What type of butternut squash should I use for the salad?
Absolutely! Look for butternut squash that feels heavy for its size and has a smooth, tan skin without dark spots or blemishes. The flesh should be solid and feel firm when gently pressed. If you can’t find butternut squash, sweet potatoes work beautifully as a substitute for a similar sweetness and texture.

How should I store the Fall Harvest Quinoa Salad?
For the freshest taste, store your salad in an airtight container in the refrigerator for up to 3 days. If possible, keep the vinaigrette separate until you’re ready to serve to maintain the vibrant textures and flavors.

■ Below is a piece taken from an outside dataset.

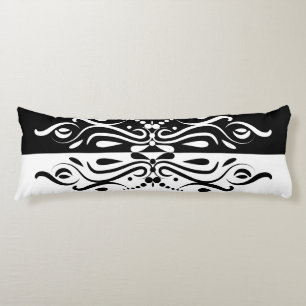 Coussins Longs Élégant style arlequin Abstrait noir et blanc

Can I freeze the Fall Harvest Quinoa Salad?
Yes, you can freeze the quinoa separately for up to 2 months! To thaw, just leave it in the fridge overnight or gently reheat it in the microwave. However, I wouldn’t recommend freezing the entire salad because fresh ingredients like apples and cranberries don’t hold up well in the freezer.

What should I do if my quinoa turns mushy?
Very! If your quinoa ends up mushy, it’s likely overcooked. To prevent this, follow the boil-in-bag method closely and remove it from the water as soon as it’s done cooking—typically around 12-14 minutes. After removing it, let it sit for a minute before fluffing it with a fork, which helps separate the grains and improve the texture.

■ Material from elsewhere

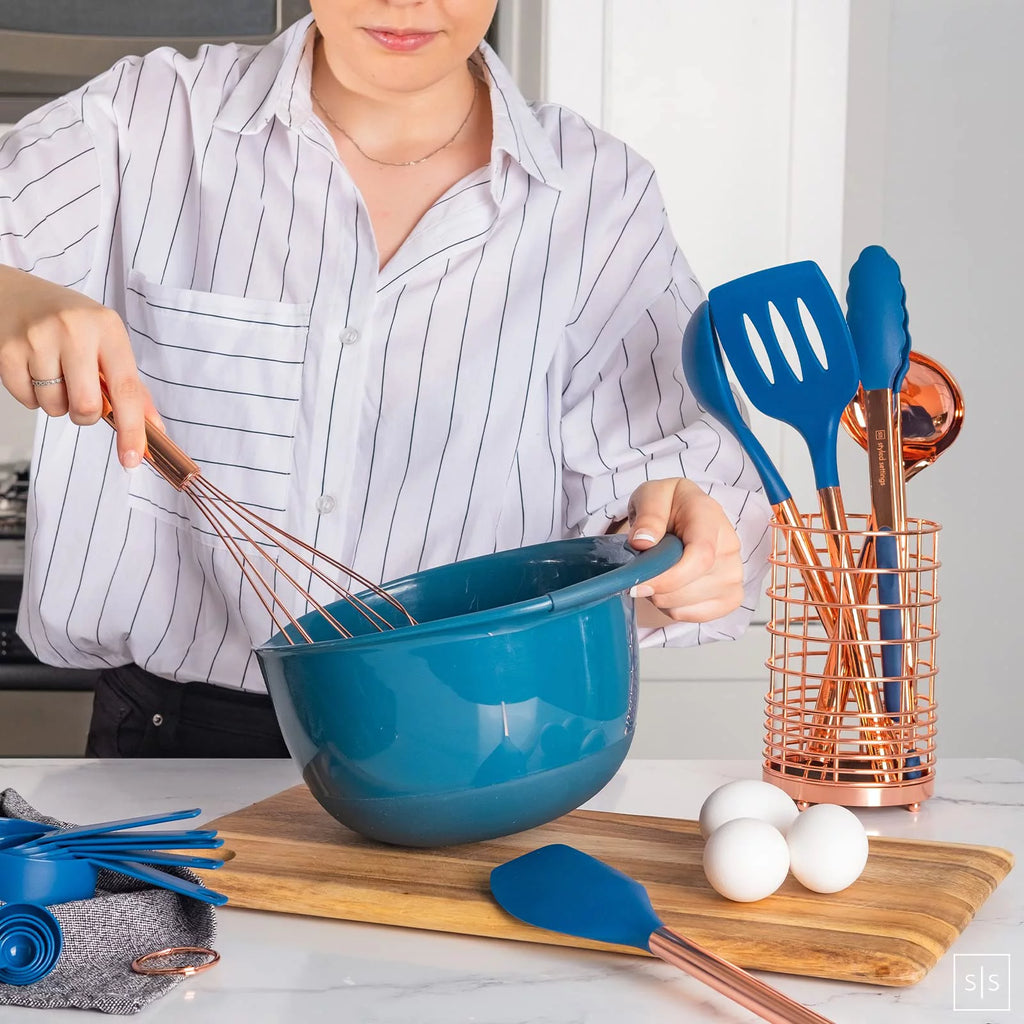 17 Pc Copper and Blue Silicone Kitchen Utensils Set V82519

Is this salad safe for people with nut allergies?
Of course, you can customize it! If you’re serving someone with nut allergies, feel free to omit the chopped pecans or substitute them with sunflower seeds or pumpkin seeds for that desired crunch without triggering any allergies. The salad will still be delicious and filled with flavor.

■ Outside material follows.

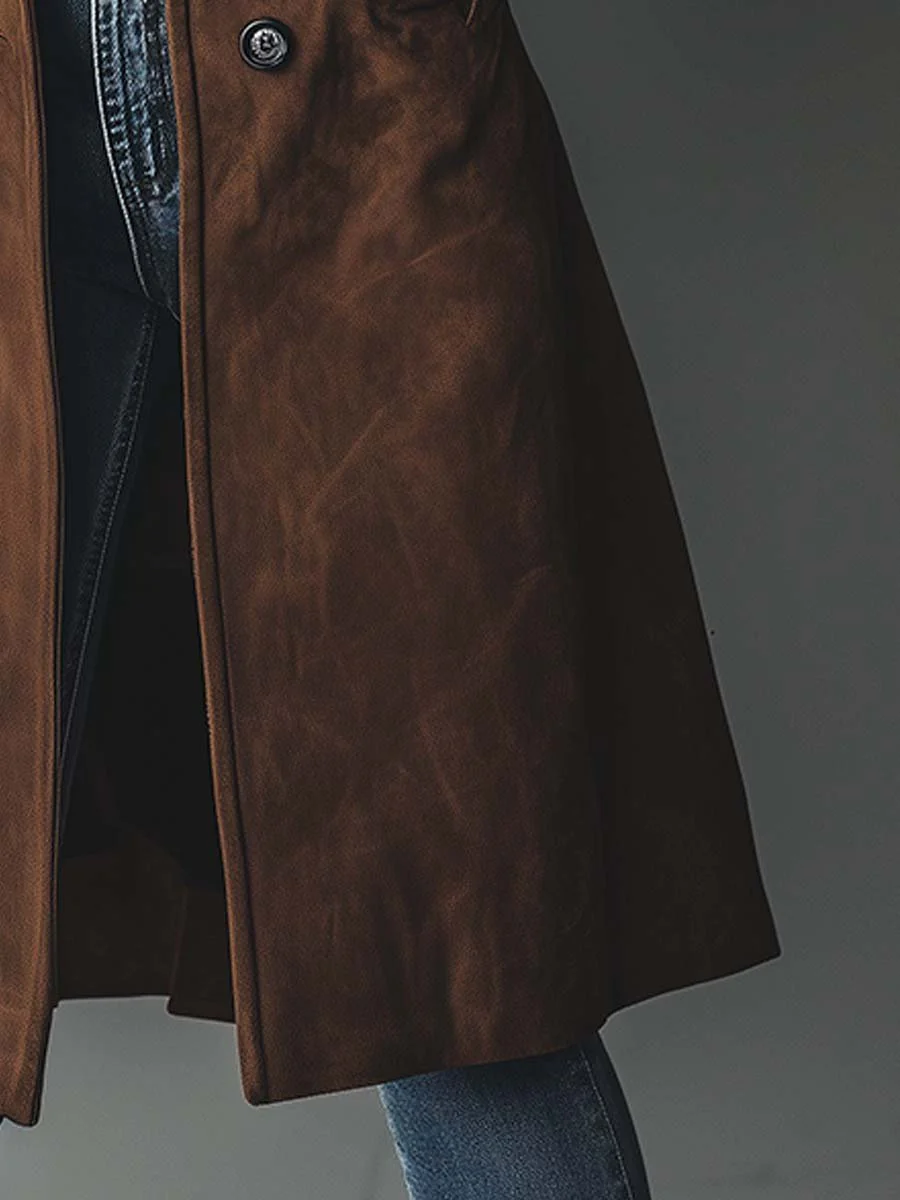 Suede Look Double Breasted Longline Coat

Can I make the vinaigrette ahead of time?
Absolutely! You can make the vinaigrette up to a week in advance. Just store it in the fridge in a sealed jar, and give it a good shake before drizzling over your Fall Harvest Quinoa Salad for the best flavor. Enjoy your flavorful foray into autumn!

Fall Harvest Quinoa Salad

Fall Harvest Quinoa Salad: A Festive Flavor Celebration

This Fall Harvest Quinoa Salad is a colorful, nutritious dish brimming with seasonal flavors, perfect for busy weekdays or festive gatherings.
Prep Time 15 minutes
Cook Time 40 minutes
Total Time 55 minutes
Servings: 4 servings
Course: Salad
Cuisine: American
Calories: 350

Ingredients
  

For the Salad
  • 1 whole Butternut Squash Cubed
  • 1 cup Quinoa (Success Boil-In-Bag Tri-Color) No rinsing required
  • 1 cup Dried Cranberries Substitute with raisins or chopped dates
  • 1 cup Chopped Apple Tart varieties like Granny Smith preferred
  • 1/2 cup Chopped Pecans Walnuts or almonds as alternatives
  • 1/4 cup Shredded Parmesan Cheese Use dairy-free for vegan option
For the Vinaigrette
  • 1/4 cup Olive Oil Can be replaced with avocado oil
  • 1 whole Lemon Juice Juice from one lemon
  • 2 tablespoons Pure Maple Syrup Can substitute with honey or agave syrup
  • 1 tablespoon Dijon Mustard Yellow mustard can be used if needed

Equipment

  • Oven
  • Baking Tray
  • Medium jar or bowl for vinaigrette
  • Large mixing bowl

Method
 

Instructions
  1. Preheat your oven to 400°F (200°C). Toss the cubed butternut squash in a bowl with olive oil, salt, and pepper until well-coated. Spread the squash evenly on a baking tray and roast for 30-40 minutes, stirring halfway through.
  2. While the squash is roasting, cook the quinoa following the package instructions, which typically takes about 12-14 minutes. Fluff the quinoa with a fork once cooked.
  3. In a medium jar or bowl, combine the olive oil, lemon juice, maple syrup, and Dijon mustard. Shake or whisk until emulsified.
  4. In a large mixing bowl, combine the roasted butternut squash, cooked quinoa, chopped pecans, dried cranberries, and diced apple. Drizzle the vinaigrette over the mixture and toss together.
  5. Allow the salad to sit for a few minutes before serving. Enjoy warm, at room temperature, or chilled.

Nutrition

Serving: 1servingCalories: 350kcalCarbohydrates: 45gProtein: 10gFat: 15gSaturated Fat: 2gPolyunsaturated Fat: 2gMonounsaturated Fat: 10gCholesterol: 5mgSodium: 200mgPotassium: 350mgFiber: 8gSugar: 10gVitamin A: 1500IUVitamin C: 15mgCalcium: 100mgIron: 2mg

Notes

This salad is a wholesome make-ahead option, storing well for up to three days in the fridge. Keep the vinaigrette separate until serving for best freshness.